Roberto Abraham Scaruffi

Tuesday 16 December 2014


Viewing Russia From the Inside


By George Friedman

Last week I flew into Moscow, arriving at 4:30 p.m. on Dec. 8. It gets dark in Moscow around that time, and the sun doesn't rise until about 10 a.m. at this time of the year — the so-called Black Days versus White Nights. For anyone used to life closer to the equator, this is unsettling. It is the first sign that you are not only in a foreign country, which I am used to, but also in a foreign environment. Yet as we drove toward downtown Moscow, well over an hour away, the traffic, the road work, were all commonplace. Moscow has three airports, and we flew into the farthest one from downtown, Domodedovo — the primary international airport. There is endless renovation going on in Moscow, and while it holds up traffic, it indicates that prosperity continues, at least in the capital.
 

Our host, who was from the Russian intelligence community, met us and we quickly went to work getting a sense of each other and talking about the events of the day. He had spent a great deal of time in the United States and was far more familiar with the nuances of American life than I was with Russian. In that he was the perfect host, translating his country to me, always with the spin of a Russian patriot, which he surely was. We talked as we drove into Moscow, managing to dive deep into the subject.

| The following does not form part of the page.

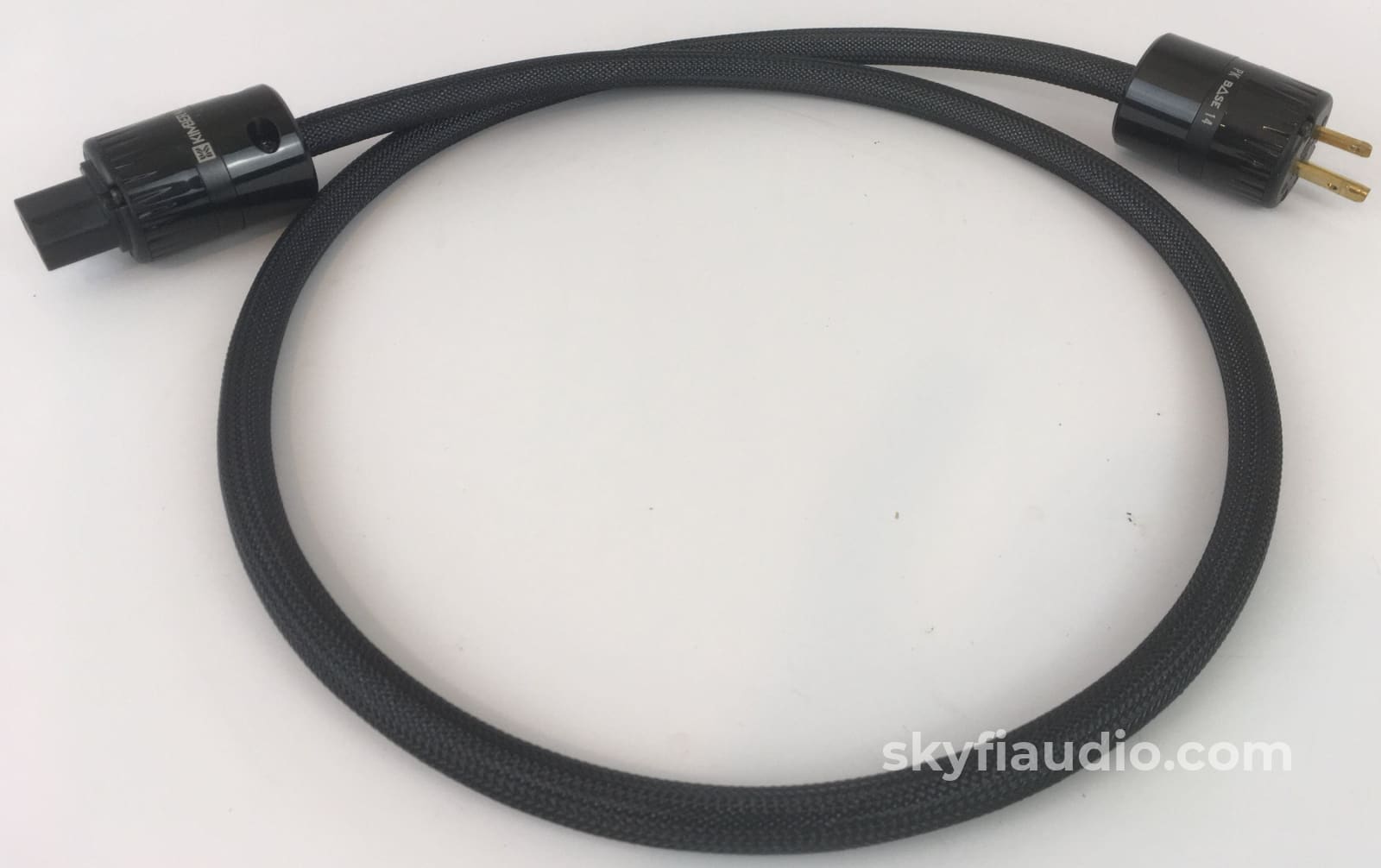 Kimber Kable Powerkord - Pk14 Base 14 Awg 4 Cables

From him, and from conversations with Russian experts on most of the regions of the world — students at the Institute of International Relations — and with a handful of what I took to be ordinary citizens (not employed by government agencies engaged in managing Russia's foreign and economic affairs), I gained a sense of Russia's concerns. The concerns are what you might expect. The emphasis and order of those concerns were not.